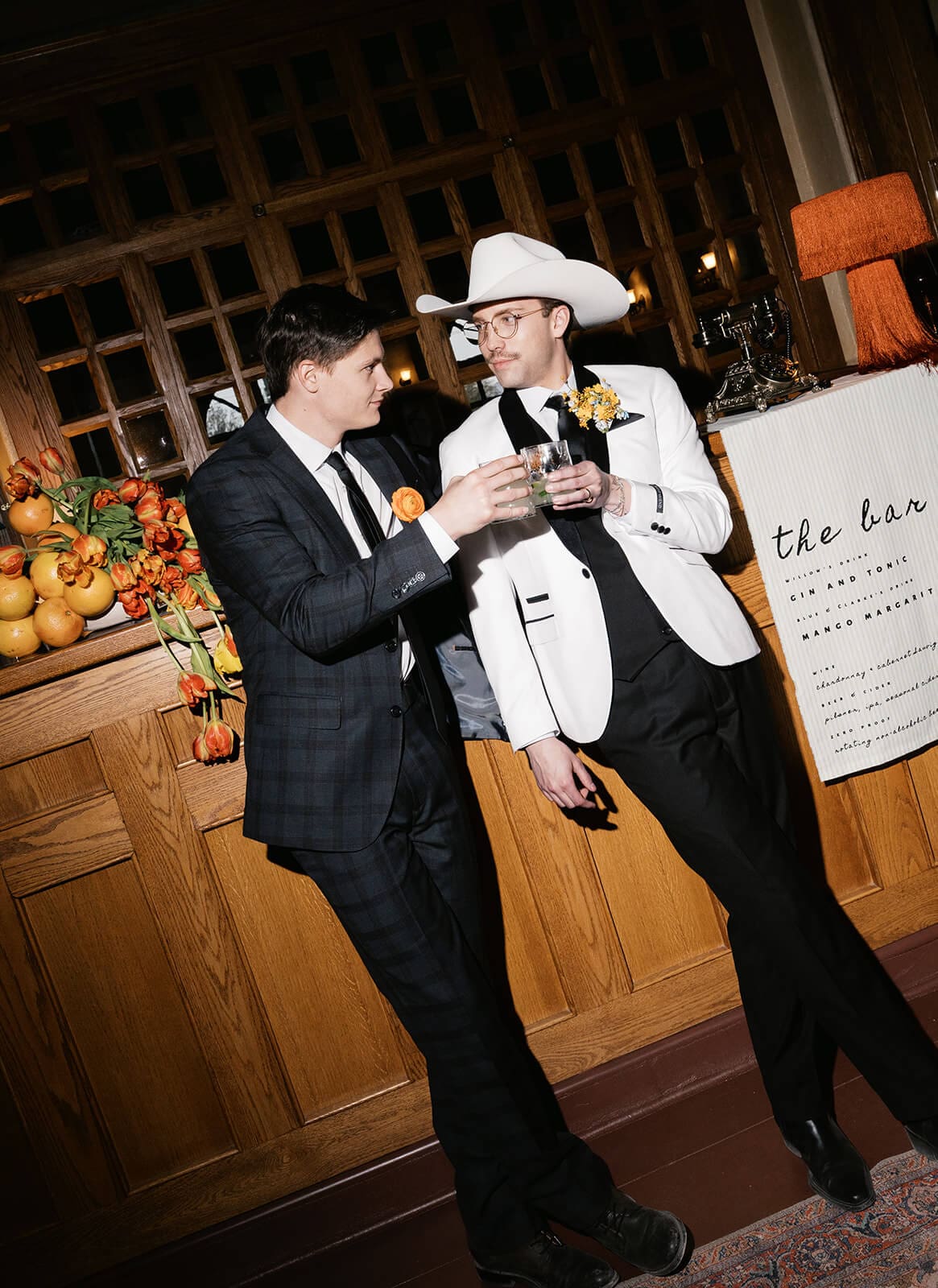 Two groomsmen toasting their glasses together near the same citrus-decorated bar, a hand-lettered bar menu visible behind them
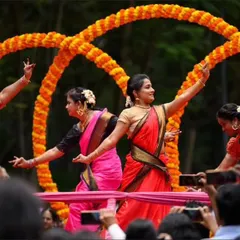 Our ladies' batch performing a traditional Andhra Telangana folk dance during a Ganesha procession. The colorful sarees and graceful movements celebrate the region's rich culture.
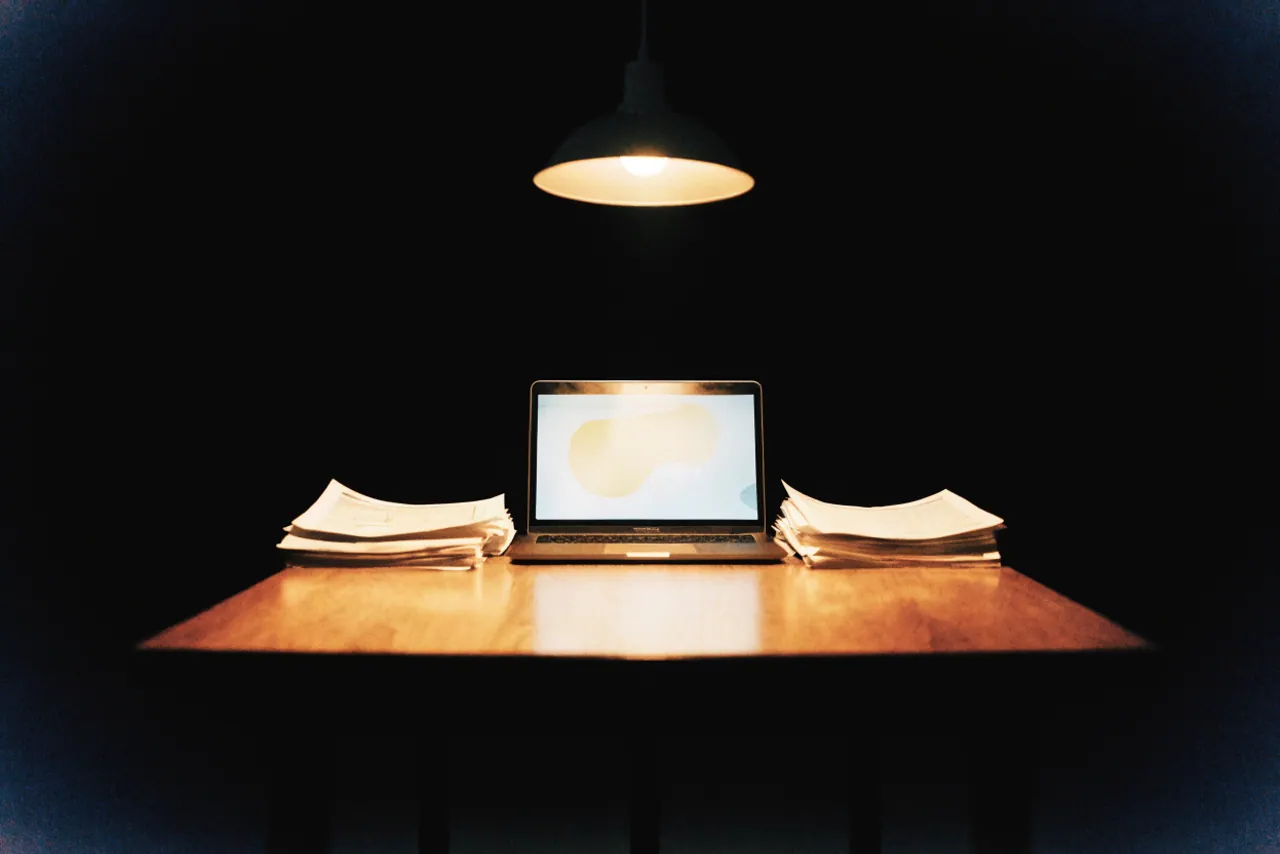 Aufgeklappter Laptop mit unscharfem Diagramm und gedruckte Reports auf demselben Tisch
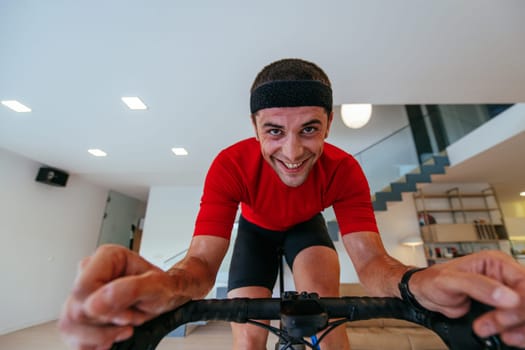A triathlete riding a triathlon bike on a machine simulation in a modern living room. Training during pandemic conditions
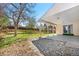 View of covered back patio with grass area and wooden garden beds in backyard at 5556 S Sedalia St, Centennial, CO 80015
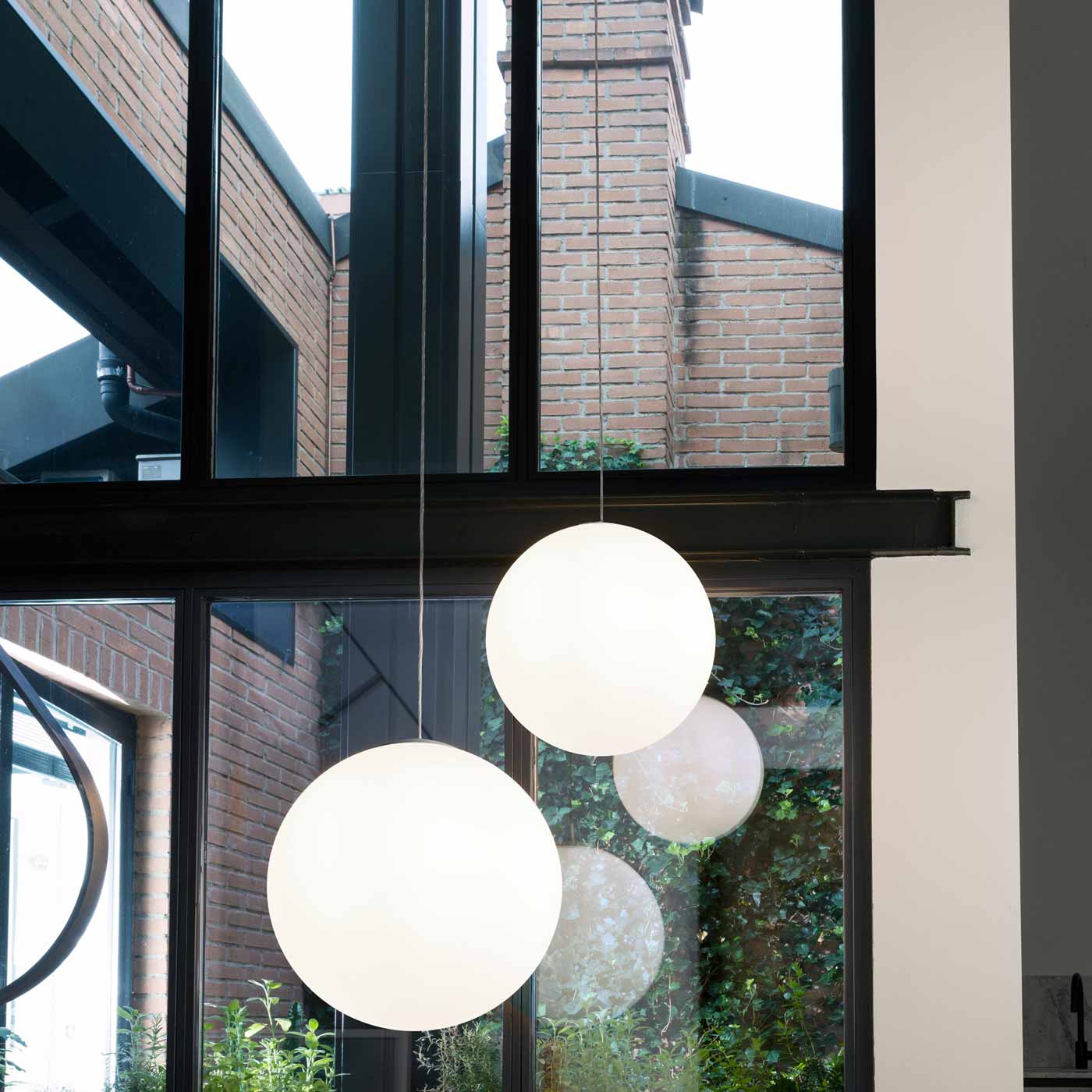 Asteroide Pendant Light in living room.
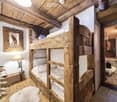 Cozy bedroom with wooden bunk bed, table lamp, framed picture, and a small sitting area with a sofa and rug.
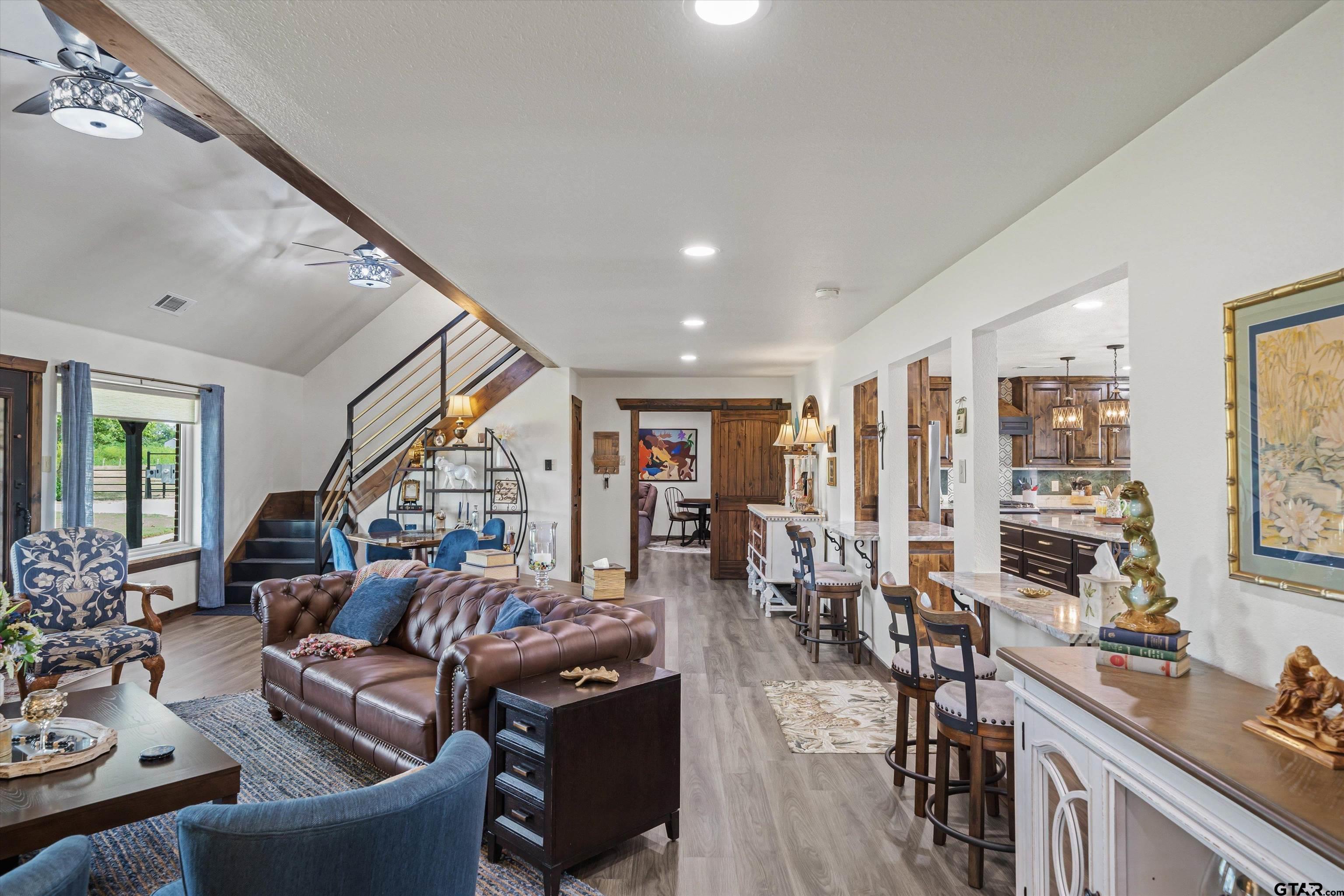 733 Rains County Road 1430 Point, TX 75472 - Photo 10 of 48 a living room with lots of furniture and hard wood flooring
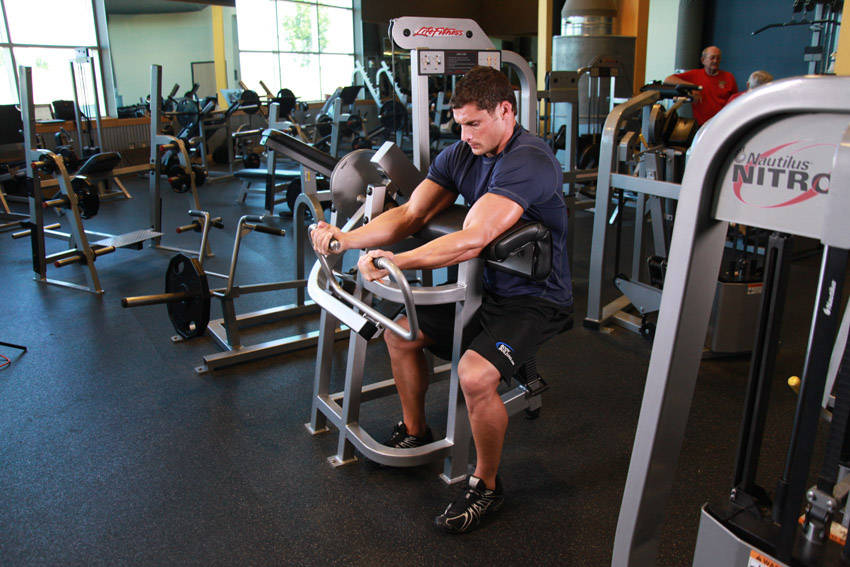 Machine Preacher Curls — starting position, working the biceps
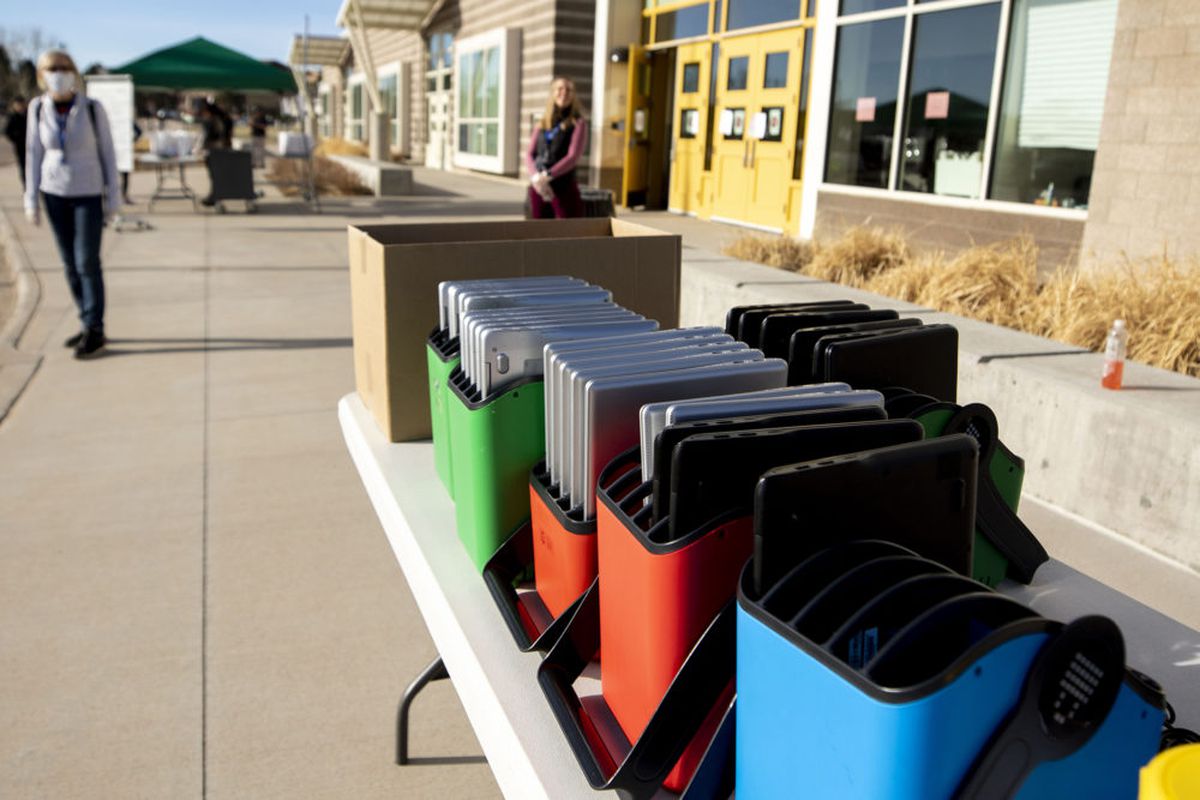 Staff distribute laptops to families at Denver’s Joe Shoemaker School on March 25, 2020, as schools prepare for remote learning.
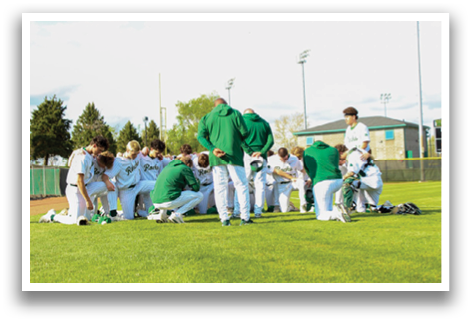 A group of baseball players huddle together on the field. AI generated content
☆ ☆ ☆
• What to work on
Nothing but the lines from the one holding "Our ladies' batch" through the last line of the listing should appear in the answer, copied exactly and without pictures.

• Answer box
 Our ladies' batch performing a traditional Andhra Telangana folk dance during a Ganesha procession. The colorful sarees and graceful movements celebrate the region's rich culture.
 Aufgeklappter Laptop mit unscharfem Diagramm und gedruckte Reports auf demselben Tisch
A triathlete riding a triathlon bike on a machine simulation in a modern living room. Training during pandemic conditions
 View of covered back patio with grass area and wooden garden beds in backyard at 5556 S Sedalia St, Centennial, CO 80015
 Asteroide Pendant Light in living room.
 Cozy bedroom with wooden bunk bed, table lamp, framed picture, and a small sitting area with a sofa and rug.
 733 Rains County Road 1430 Point, TX 75472 - Photo 10 of 48 a living room with lots of furniture and hard wood flooring
 Machine Preacher Curls — starting position, working the biceps
 Staff distribute laptops to families at Denver’s Joe Shoemaker School on March 25, 2020, as schools prepare for remote learning.
 A group of baseball players huddle together on the field. AI generated content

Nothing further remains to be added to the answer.